As the project proceeds, we will bill (at hourly rates) against our initial project cost estimate, at 30 day intervals. You will receive tracked, cumulative totals for each denoted sub-task (e.g. a cost for a limited content boundary survey, or the cost for a proposed site plan, RIDEM permit application, etc.) You’ll be able to see where we are under-budget (in terms of time), or any areas where we exceeded our design estimate. Any cost (e.g. time) that is not incurred, is not billed. This rewards good decision-making in behalf of our client(s), if you picked the right site, the right program, the right team, etc. and made the entire job go smoothly, you should be rewarded for it.
Our entire process, from initial cost estimates, to project billing is open book. Our goal is to create a repeatable, conservative process that maximizes trust between ourselves and you (the client), so that the entire project planning process can be repeated, expeditiously.
Giving Back:
While we generally prefer to bill for each hour of time we spend on a project, there are cases where we may waive fees. These include:
Cases we have exceeded our own estimate(s)
Cases we have made an error (either in “communication”, e.g. displayed a superseded version of a structure, used the wrong inputs for design, etc.)
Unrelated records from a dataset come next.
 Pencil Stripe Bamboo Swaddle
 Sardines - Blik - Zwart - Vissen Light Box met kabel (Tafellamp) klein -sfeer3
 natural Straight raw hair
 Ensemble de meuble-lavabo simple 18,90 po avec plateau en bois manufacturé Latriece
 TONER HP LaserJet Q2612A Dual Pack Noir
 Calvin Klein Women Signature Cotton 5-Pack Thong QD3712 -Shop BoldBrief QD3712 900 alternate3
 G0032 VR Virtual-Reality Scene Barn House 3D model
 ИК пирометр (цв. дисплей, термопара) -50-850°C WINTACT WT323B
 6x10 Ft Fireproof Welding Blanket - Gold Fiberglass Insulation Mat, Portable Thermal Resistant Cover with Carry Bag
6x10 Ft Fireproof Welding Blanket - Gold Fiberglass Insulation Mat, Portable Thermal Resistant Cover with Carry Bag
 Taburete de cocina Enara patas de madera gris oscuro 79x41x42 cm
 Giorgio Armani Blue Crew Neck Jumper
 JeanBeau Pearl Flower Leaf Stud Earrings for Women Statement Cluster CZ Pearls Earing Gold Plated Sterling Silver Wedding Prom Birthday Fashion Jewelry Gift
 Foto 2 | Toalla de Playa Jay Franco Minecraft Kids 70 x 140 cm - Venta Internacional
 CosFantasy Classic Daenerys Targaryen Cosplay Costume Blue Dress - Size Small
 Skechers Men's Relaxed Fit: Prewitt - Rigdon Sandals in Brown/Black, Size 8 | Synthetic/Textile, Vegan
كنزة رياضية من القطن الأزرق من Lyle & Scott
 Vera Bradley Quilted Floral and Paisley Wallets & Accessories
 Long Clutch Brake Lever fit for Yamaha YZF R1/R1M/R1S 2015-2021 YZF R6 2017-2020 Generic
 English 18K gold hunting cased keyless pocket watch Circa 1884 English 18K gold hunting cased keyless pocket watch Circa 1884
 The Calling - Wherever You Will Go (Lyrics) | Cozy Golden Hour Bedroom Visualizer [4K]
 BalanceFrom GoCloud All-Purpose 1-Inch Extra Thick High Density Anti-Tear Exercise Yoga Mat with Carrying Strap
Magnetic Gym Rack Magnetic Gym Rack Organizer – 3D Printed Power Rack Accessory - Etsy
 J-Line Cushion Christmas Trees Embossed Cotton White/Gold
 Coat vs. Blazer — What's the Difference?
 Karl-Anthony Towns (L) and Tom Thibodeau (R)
Cases we have spent time responding to state/muni/peer reviews, due to an oversight or omission. Typically, we include this time in out estimates. In most cases, the review times are “baked in” to our fees. In rare cases, where their design must proceed at a rush timeline, or very aggressive design practices are dictated by the client, review fees will be billable outside of contract rates.

Summary:
Beware of low-cost quotes, the adage that “cheap” can be expensive can often ring true when it comes to project planning and design. Our aim, is not to be cheap, but sustainable. We want to make money, and we want our clients to make money too (at least, in the case of for-profit ventures. We do offer reduced rates for most non-profit entities. NEI generally attempts to provide $10,000 per year, or more, in donations or services to area non-profits). We have a diverse team of in-house staff, and specialized sub-consultants that are able to provide comprehensive engineering and design services. We promote an “open book” approach, and commit to helping clients understand a project’s design (and ultimate construction costs) so that smart decisions can be made. We are happy to spend time (at no-charge) for project pre-planning and proposals, and incentive conceptual design services by refunding ~50% of the concept design fees in the full scope design.